One of the most striking things about Jesus as recorded in the Gospels—at least to me—is how directly he speaks to people. Yes, he often taught through parables—paradoxical, sometimes funny stories that continue to generate endless interpretations. He was canny, particularly so when dealing with the authorities, religious and secular. When they tried to trip him up, his rhetorical response could put them to scorn. Still, in most of his recorded sayings, Jesus’ yes is yes and his no is no: “No one can serve two masters” (Matt. 6:24). Yes or no? We’re still dancing around that one. Perhaps the most direct, haunting question he asked, toward the end of his life, remains “When the Son of Man comes, will he find faith on earth?” (Luke 18:8)

In his Tales of the Hasidim, Martin Buber tells the story of a young man who left home and journeyed far to meet the famed preacher of Mezritch, Rabbi Dov Baer (d. 1772). He did so, the tale recounts, not to “learn Torah” (the study and interpretation of the Sacred Law) from the great seer, but to see how the rabbi “unlaced his felt shoes and laced them up again.” When I first arrived at the Catholic Worker house in New York as a volunteer in 1968, I could never have imagined it would be to learn how Dorothy Day (1897–1980) tied her shoes.

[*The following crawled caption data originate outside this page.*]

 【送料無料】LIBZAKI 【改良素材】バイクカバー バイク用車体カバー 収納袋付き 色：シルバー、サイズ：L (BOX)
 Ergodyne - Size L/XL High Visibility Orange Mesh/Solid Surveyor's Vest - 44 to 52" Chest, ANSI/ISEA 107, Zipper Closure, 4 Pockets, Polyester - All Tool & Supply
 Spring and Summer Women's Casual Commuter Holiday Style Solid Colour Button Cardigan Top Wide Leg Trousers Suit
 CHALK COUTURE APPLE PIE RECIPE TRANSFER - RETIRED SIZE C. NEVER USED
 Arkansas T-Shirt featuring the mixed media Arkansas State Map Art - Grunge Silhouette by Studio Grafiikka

Seventy at the time, taller than I had expected, Dorothy had pale blue eyes masked somewhat by her heavy-rimmed editor’s glasses. She wore a bandana that only partially concealed a magnificent crown of braided white hair. The new First Street house (St. Joseph House), just off Second Avenue a block from the Bowery, was in a teeming ghetto of older Italians (too weary to escape with their children to the suburbs), newly arriving Puerto Rican and Dominican families, and the off-scouring of the city—the unemployed and the alcoholics and drug addicts who lived in the alleys and flophouses nearby. They would panhandle and war against one another 24/7, but each day they would drag themselves over to the Catholic Worker for bread and a sobering bowl of soup.

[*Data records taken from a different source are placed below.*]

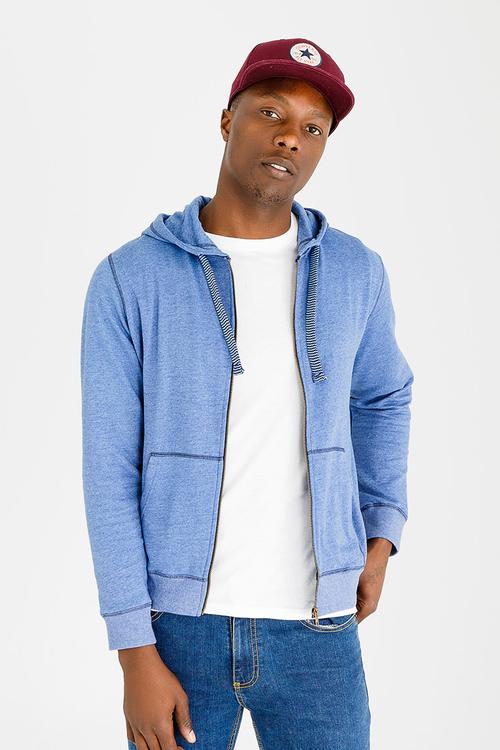 1 Up Zip Through Fleece Hoody Navy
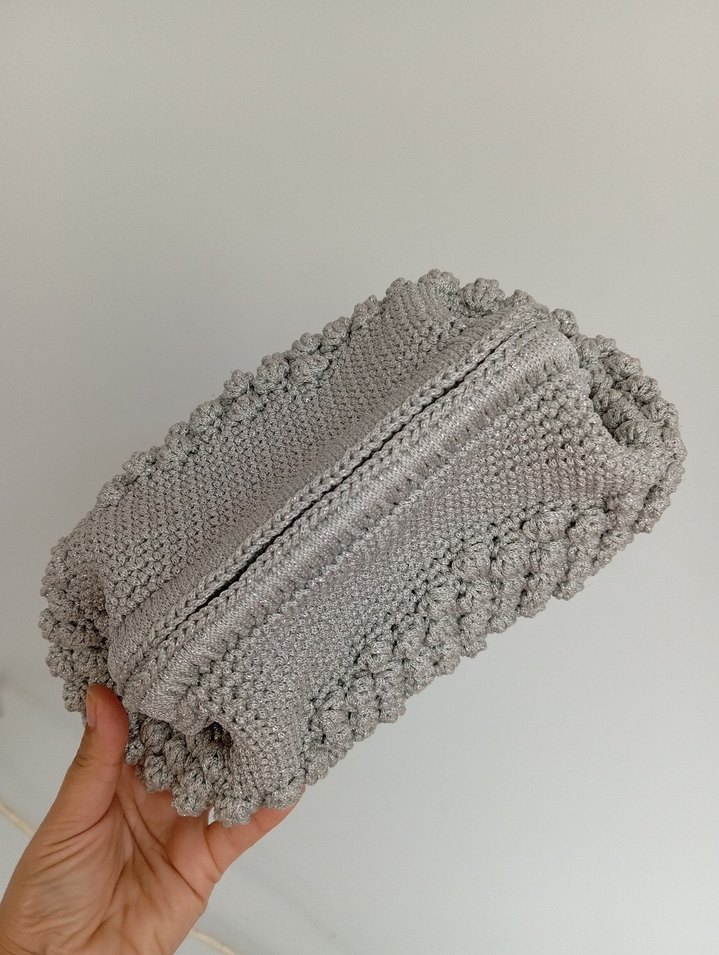 Gri Örgü Kadın Portföy Çanta - Görsel 2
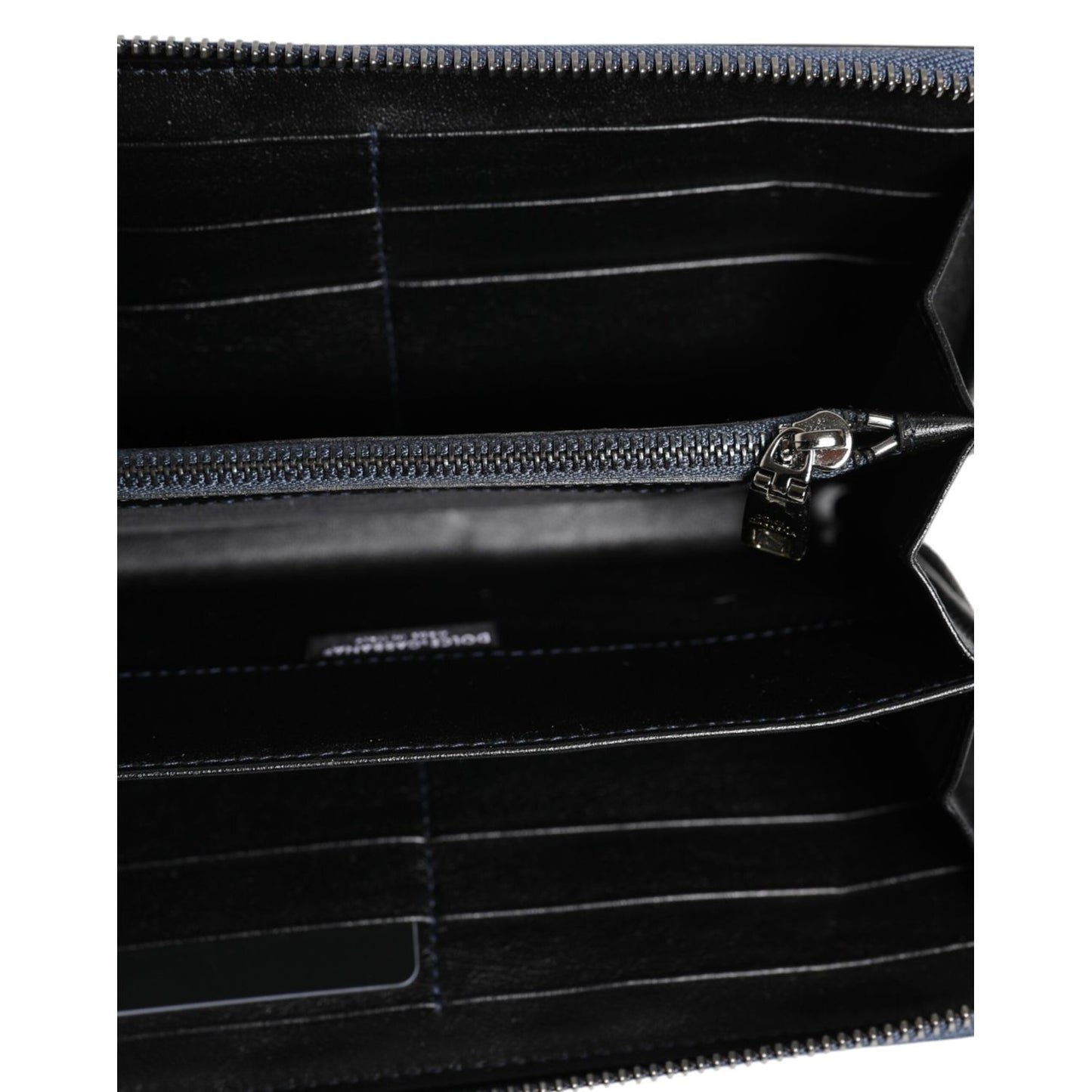 Interior view of Dolce & Gabbana Black Blue Exotic Leather Men Continental Clutch Wallet with card slots and zip pocket.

When I arrived at the new St. Joseph House, it was still empty, awaiting an occupancy permit from the city. Dorothy was sitting at a spare desk on the ground floor of the five-story walkup, waiting for a delivery for the contractor. She was talking with two young draft resisters. It was during the Vietnam War and she had publicly encouraged young men to burn their draft cards. (In 1941, the day after Pearl Harbor, she had told a New York audience, “You young men refuse to take up arms. Young women, tear down the patriotic posters. And all of you, young and old, put away your flags!”) With the seasoned ease of someone who had been welcoming strangers for generations, she quickly welcomed me and included me in the conversation, inquiring about mutual friends on the West Coast. A lifelong reporter and editor, she could unobtrusively find out more about a person in fifteen minutes than I would in a month. Rather quickly, she then shifted the discussion and told me where I could locate a bed on the floor of a Catholic Worker apartment six blocks away (in a building where she was also living at the time). After leaving my bag there, I could retrace my steps a few blocks to the existing Worker house on Christie Street and pitch in serving the evening meal. It was the shortest interview/job orientation of my life, and the most significant. As one of Dorothy’s granddaughters wrote later, but I was yet to learn, “to have known Dorothy means spending the rest of your life wondering what hit you.” (Dorothy herself once cautioned the young son of a coworker as they were crossing a busy Manhattan avenue: “If I’m going to get run down, I want it to be by a Mack truck.”)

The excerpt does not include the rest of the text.